** WHAT YOU HAVE TO DO **
Starting at the top of the entries, restate word for word each line up to and including the one with "Fonctionnement pratique de".

** ENTRIES PROVIDED **
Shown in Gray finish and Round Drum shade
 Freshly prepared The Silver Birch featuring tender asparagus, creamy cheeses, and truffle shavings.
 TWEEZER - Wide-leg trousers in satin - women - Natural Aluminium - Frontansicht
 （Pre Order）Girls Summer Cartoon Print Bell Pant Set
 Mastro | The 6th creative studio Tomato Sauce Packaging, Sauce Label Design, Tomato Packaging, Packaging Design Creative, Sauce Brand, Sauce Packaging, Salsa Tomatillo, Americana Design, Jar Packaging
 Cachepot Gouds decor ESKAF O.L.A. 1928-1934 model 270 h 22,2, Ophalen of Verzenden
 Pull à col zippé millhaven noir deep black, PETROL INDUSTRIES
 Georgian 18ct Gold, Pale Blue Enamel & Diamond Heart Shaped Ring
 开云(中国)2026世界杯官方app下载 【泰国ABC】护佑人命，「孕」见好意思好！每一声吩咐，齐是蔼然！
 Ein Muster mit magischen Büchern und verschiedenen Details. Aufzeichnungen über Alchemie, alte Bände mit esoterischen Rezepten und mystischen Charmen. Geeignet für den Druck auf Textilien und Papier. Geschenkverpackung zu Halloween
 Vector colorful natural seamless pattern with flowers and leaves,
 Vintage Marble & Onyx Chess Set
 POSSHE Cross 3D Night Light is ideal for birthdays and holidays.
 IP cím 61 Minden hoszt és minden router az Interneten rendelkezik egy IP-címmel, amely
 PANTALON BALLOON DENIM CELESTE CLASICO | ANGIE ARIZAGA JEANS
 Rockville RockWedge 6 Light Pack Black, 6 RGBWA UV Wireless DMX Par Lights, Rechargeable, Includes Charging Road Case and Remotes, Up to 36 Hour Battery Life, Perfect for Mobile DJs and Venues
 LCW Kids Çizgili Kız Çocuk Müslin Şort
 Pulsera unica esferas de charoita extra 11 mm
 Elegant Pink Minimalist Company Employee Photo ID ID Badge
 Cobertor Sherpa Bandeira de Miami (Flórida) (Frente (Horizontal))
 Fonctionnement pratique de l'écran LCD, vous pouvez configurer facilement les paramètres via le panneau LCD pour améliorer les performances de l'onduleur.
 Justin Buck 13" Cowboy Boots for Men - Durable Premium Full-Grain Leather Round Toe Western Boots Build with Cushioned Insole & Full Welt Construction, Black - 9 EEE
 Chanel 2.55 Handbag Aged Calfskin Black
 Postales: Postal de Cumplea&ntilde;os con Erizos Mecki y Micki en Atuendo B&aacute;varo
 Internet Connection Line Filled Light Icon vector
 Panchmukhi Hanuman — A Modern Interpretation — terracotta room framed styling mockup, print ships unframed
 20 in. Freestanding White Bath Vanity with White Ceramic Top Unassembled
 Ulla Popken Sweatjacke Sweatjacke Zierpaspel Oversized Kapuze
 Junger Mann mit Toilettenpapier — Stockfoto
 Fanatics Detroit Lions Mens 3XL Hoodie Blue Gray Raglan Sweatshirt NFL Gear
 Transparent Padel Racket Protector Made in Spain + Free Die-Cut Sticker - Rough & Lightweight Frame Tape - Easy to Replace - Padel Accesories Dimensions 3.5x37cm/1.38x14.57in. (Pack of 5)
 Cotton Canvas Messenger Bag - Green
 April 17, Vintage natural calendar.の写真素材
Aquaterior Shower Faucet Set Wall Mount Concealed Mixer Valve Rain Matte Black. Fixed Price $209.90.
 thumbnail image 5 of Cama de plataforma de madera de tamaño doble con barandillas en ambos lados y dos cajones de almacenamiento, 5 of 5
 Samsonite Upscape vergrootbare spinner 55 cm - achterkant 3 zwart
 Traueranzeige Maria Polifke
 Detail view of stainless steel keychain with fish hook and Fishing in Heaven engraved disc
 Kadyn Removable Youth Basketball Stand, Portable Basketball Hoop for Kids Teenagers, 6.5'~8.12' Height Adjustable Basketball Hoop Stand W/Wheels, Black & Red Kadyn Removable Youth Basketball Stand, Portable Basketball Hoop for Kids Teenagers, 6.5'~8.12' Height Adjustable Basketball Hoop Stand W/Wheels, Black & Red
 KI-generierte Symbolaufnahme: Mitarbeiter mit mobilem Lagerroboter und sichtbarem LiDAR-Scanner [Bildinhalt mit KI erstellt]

** RESULT OF THE TASK **
Shown in Gray finish and Round Drum shade
 Freshly prepared The Silver Birch featuring tender asparagus, creamy cheeses, and truffle shavings.
 TWEEZER - Wide-leg trousers in satin - women - Natural Aluminium - Frontansicht
 （Pre Order）Girls Summer Cartoon Print Bell Pant Set
 Mastro | The 6th creative studio Tomato Sauce Packaging, Sauce Label Design, Tomato Packaging, Packaging Design Creative, Sauce Brand, Sauce Packaging, Salsa Tomatillo, Americana Design, Jar Packaging
 Cachepot Gouds decor ESKAF O.L.A. 1928-1934 model 270 h 22,2, Ophalen of Verzenden
 Pull à col zippé millhaven noir deep black, PETROL INDUSTRIES
 Georgian 18ct Gold, Pale Blue Enamel & Diamond Heart Shaped Ring
 开云(中国)2026世界杯官方app下载 【泰国ABC】护佑人命，「孕」见好意思好！每一声吩咐，齐是蔼然！
 Ein Muster mit magischen Büchern und verschiedenen Details. Aufzeichnungen über Alchemie, alte Bände mit esoterischen Rezepten und mystischen Charmen. Geeignet für den Druck auf Textilien und Papier. Geschenkverpackung zu Halloween
 Vector colorful natural seamless pattern with flowers and leaves,
 Vintage Marble & Onyx Chess Set
 POSSHE Cross 3D Night Light is ideal for birthdays and holidays.
 IP cím 61 Minden hoszt és minden router az Interneten rendelkezik egy IP-címmel, amely
 PANTALON BALLOON DENIM CELESTE CLASICO | ANGIE ARIZAGA JEANS
 Rockville RockWedge 6 Light Pack Black, 6 RGBWA UV Wireless DMX Par Lights, Rechargeable, Includes Charging Road Case and Remotes, Up to 36 Hour Battery Life, Perfect for Mobile DJs and Venues
 LCW Kids Çizgili Kız Çocuk Müslin Şort
 Pulsera unica esferas de charoita extra 11 mm
 Elegant Pink Minimalist Company Employee Photo ID ID Badge
 Cobertor Sherpa Bandeira de Miami (Flórida) (Frente (Horizontal))
 Fonctionnement pratique de l'écran LCD, vous pouvez configurer facilement les paramètres via le panneau LCD pour améliorer les performances de l'onduleur.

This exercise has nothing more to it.